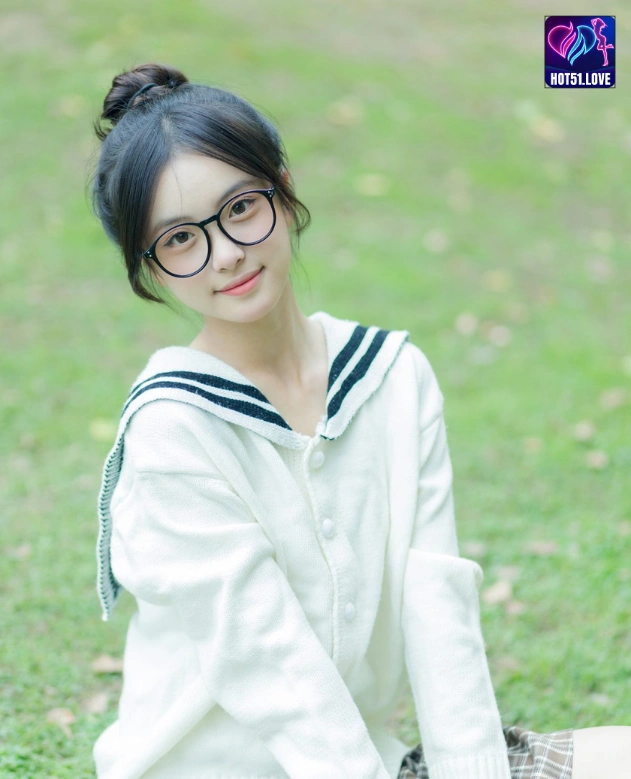 Beautiful Girl Xi Xi: Influencer Terkemuka di Indonesia Hot51, Simak Profilnya 3 - Hot51 Xi Xi-Hot51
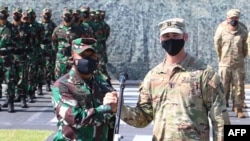 Mayjen Heri Wiranto (kiri) bersama Kapten AS David Moats di markas TNI Mulawarman, Balikpapan, Kalimantan Timur, 4 Agustus 2021. (Handout/Indonesia Army / AFP)
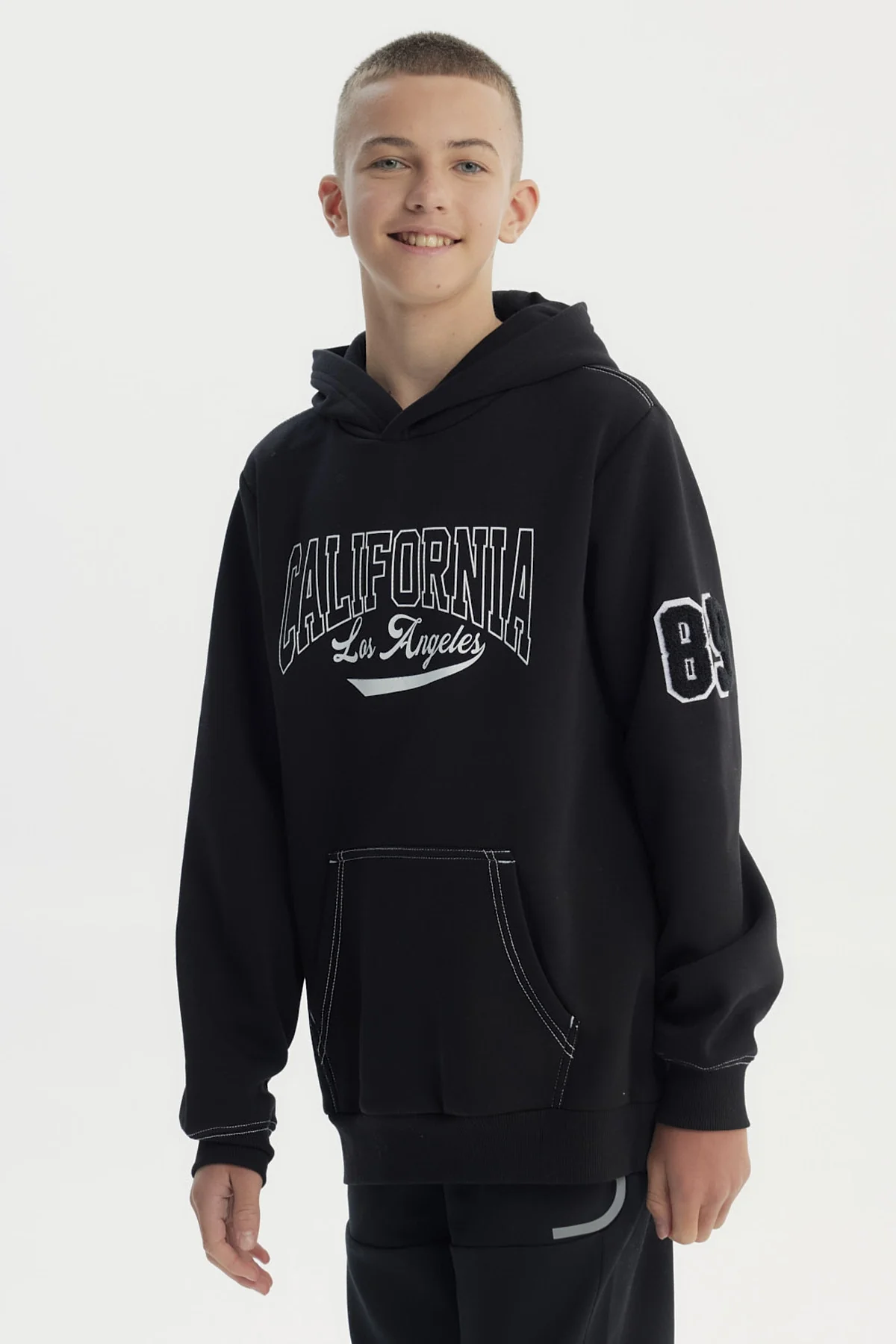 Polerón Niño Slim Negro - Image 2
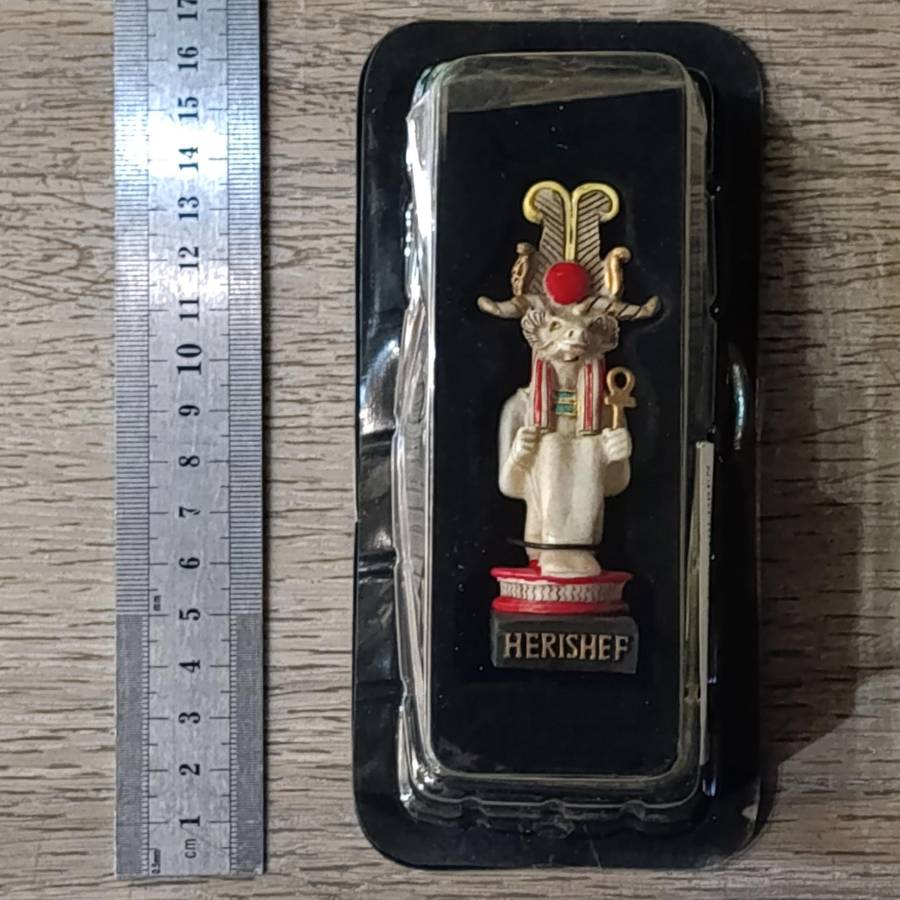 Lot of 5 gods of Ancient Egypt figurines with magazines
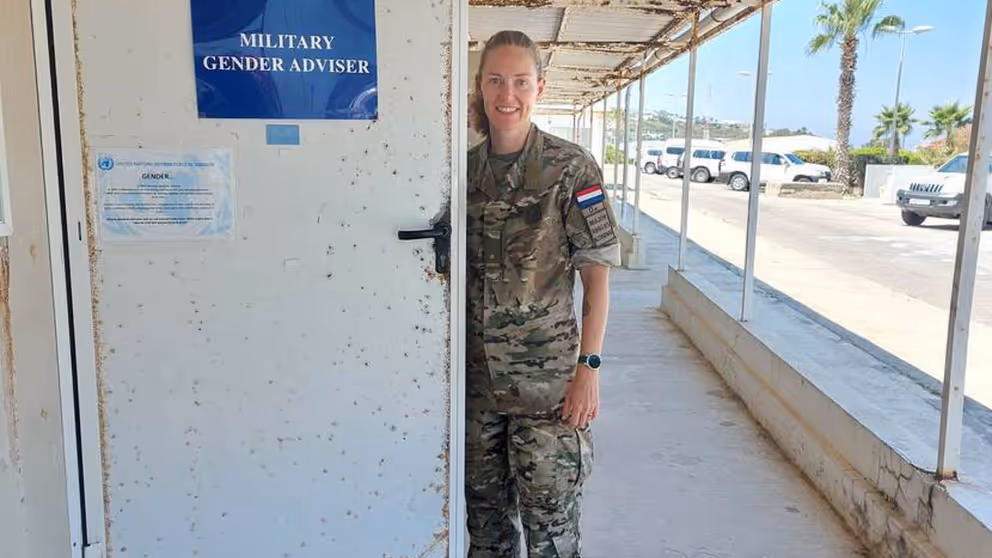 Archieffoto van stafadviseur sociale innovatie en voormalig genderadviseur voor VN-resolutie 1325 Annelies Koning staat buiten haar kantoor in 2023 in zonnig Libanon.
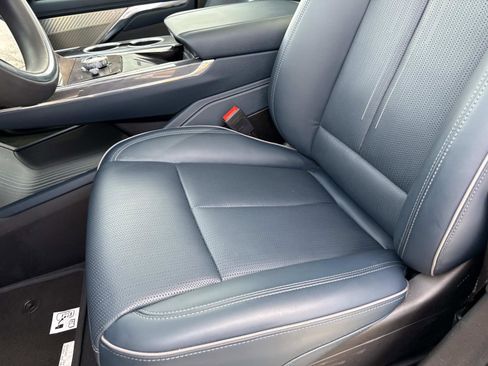 Used 2025 Cadillac Escalade IQ Luxury 2 w/ LPO, Premium Carpet Package image 22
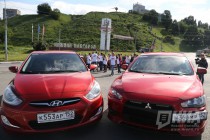 Машины выстраивают в виде треугольника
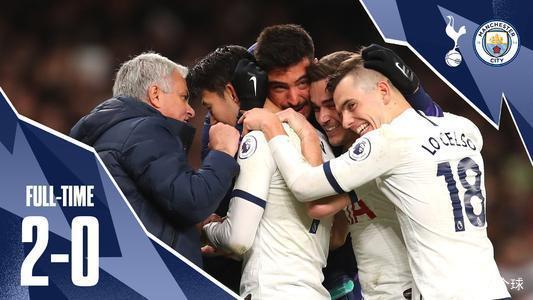 攻守兼备！韦尔半场10中6拿到全队最高14分9板 三分4中2（攻防俱佳！韦尔半场10投6中砍全队最高14分9板，三分4投2中）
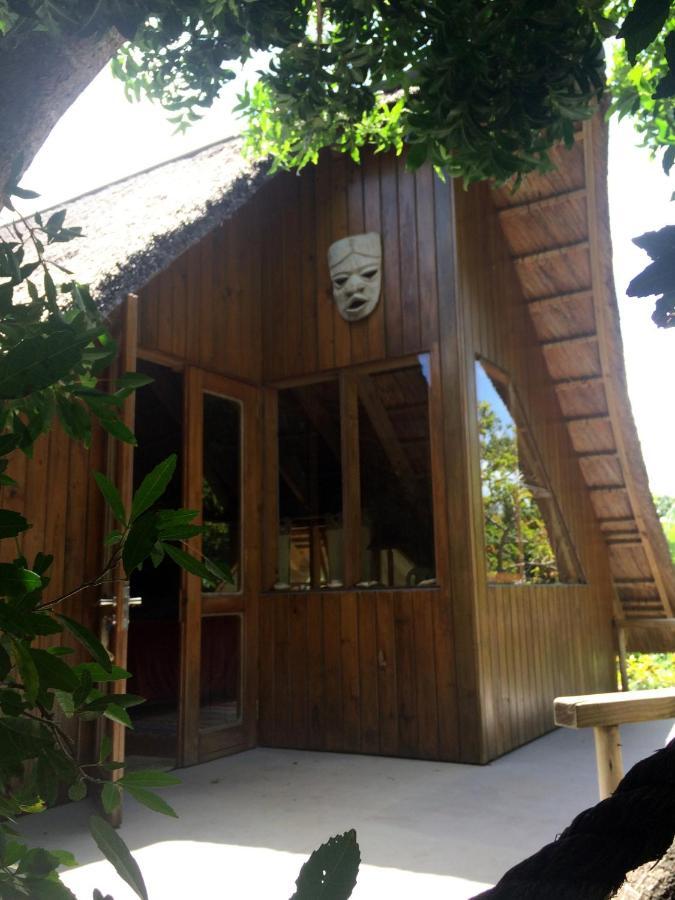 Driftwood Treehouse Hotell Sunrise-on-Sea Exteriör bild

## The problem
The answer should be the full material above, printed exactly, with no pictures in it.

## Task response
 Beautiful Girl Xi Xi: Influencer Terkemuka di Indonesia Hot51, Simak Profilnya 3 - Hot51 Xi Xi-Hot51
 Mayjen Heri Wiranto (kiri) bersama Kapten AS David Moats di markas TNI Mulawarman, Balikpapan, Kalimantan Timur, 4 Agustus 2021. (Handout/Indonesia Army / AFP)
 Polerón Niño Slim Negro - Image 2
 Lot of 5 gods of Ancient Egypt figurines with magazines
 Archieffoto van stafadviseur sociale innovatie en voormalig genderadviseur voor VN-resolutie 1325 Annelies Koning staat buiten haar kantoor in 2023 in zonnig Libanon.
 Used 2025 Cadillac Escalade IQ Luxury 2 w/ LPO, Premium Carpet Package image 22
 Машины выстраивают в виде треугольника
 攻守兼备！韦尔半场10中6拿到全队最高14分9板 三分4中2（攻防俱佳！韦尔半场10投6中砍全队最高14分9板，三分4投2中）
 Driftwood Treehouse Hotell Sunrise-on-Sea Exteriör bild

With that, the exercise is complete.